Tuesday, October 2, 2007

Old Stuff: Music Rights

I know this will seem like a bonehead "duh!"-kinda tip for many of you, but after having been to back to back major international festivals, it is still amazing to me how many filmmakers get caught in the "music trap". They use music they love, even building their film around the music. Often, they simply use well-known music as a temp track and then become wedded to it. In the end, if they want their films to have any commercial exhibition, they have to go back and acquire those rights, almost always with disastrous results. They either must pay through the nose for those rights (after much hassle figuring out who the legal rights holders are and trying to contact/negotiate with them), or as is more often the case, they simply cannot afford the song and must let it go - necessitating another mixing session for new music.

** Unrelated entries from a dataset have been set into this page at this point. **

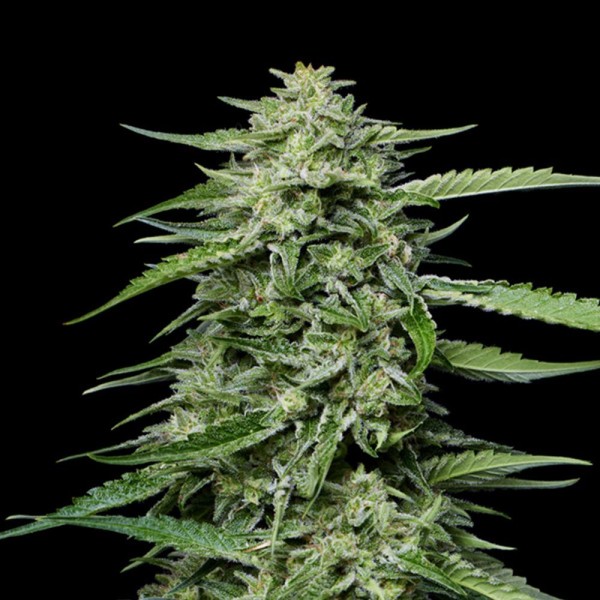 Blueberry Honey  fem Humboldt Seeds Company
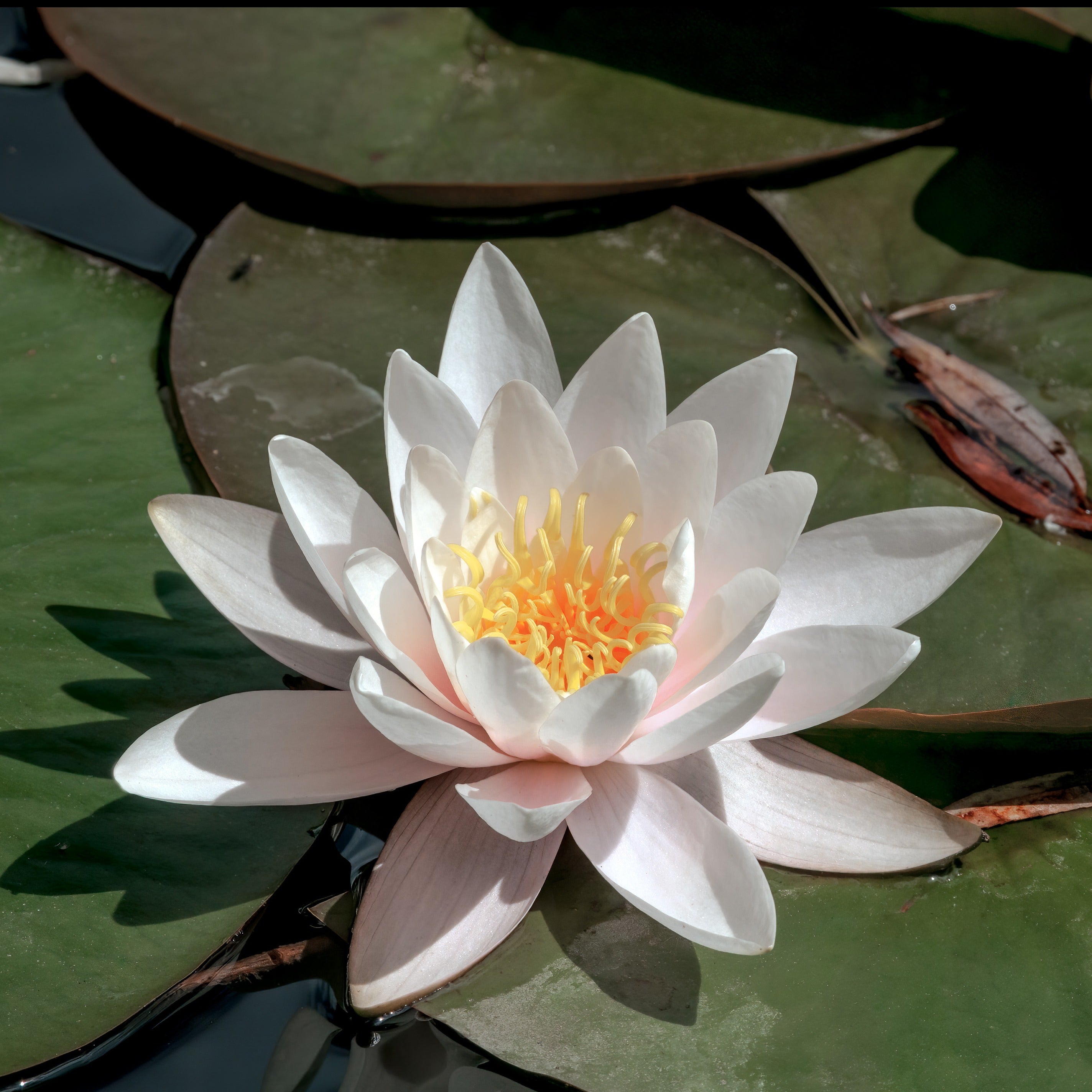 Bakker Nénuphar blanc Nymphaea alba pot Ø9 cm bassin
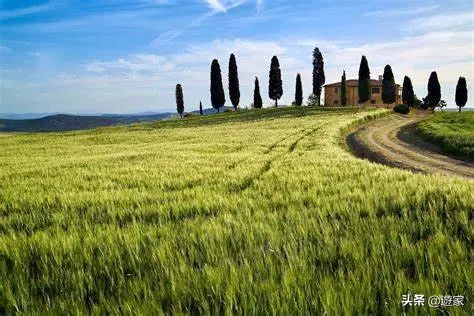 饮一杯托斯卡纳，TA值得你等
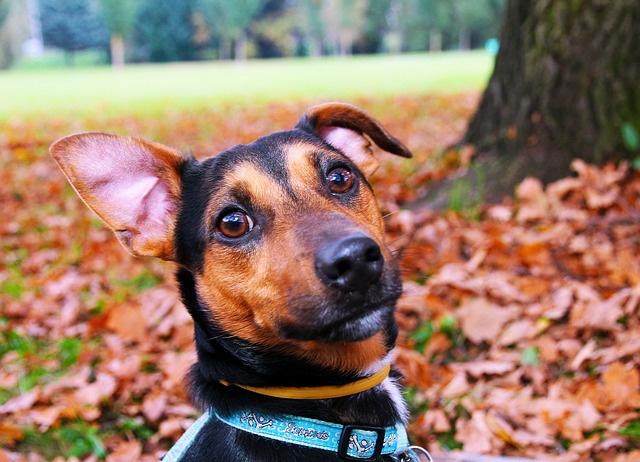 落ち葉をバックにこちらを見ている犬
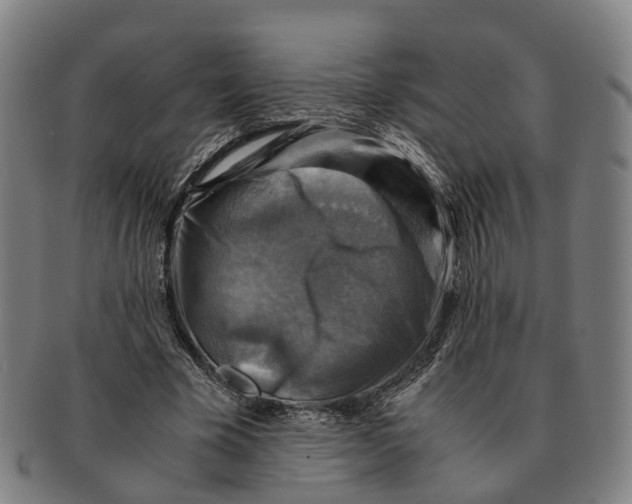 X0000091010585200708301400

Both hassles and costs can be avoided by thinking about the music up front. There are many great composers out there who can make your life very easy and add immensely to your project, as well as loads of royalty-free music. We profiled SmartSound in our last eblast and they also offer amazing options. Finally, if you just have to have a popular song for aesthetic purposes, negotiate for it and budget it in advance of shooting - before painting yourself into a corner.

1 comment:

  1. Do you have any advice for a independent producer on how to obtain the rights to music??
    Any help you can give, would be much appreciated.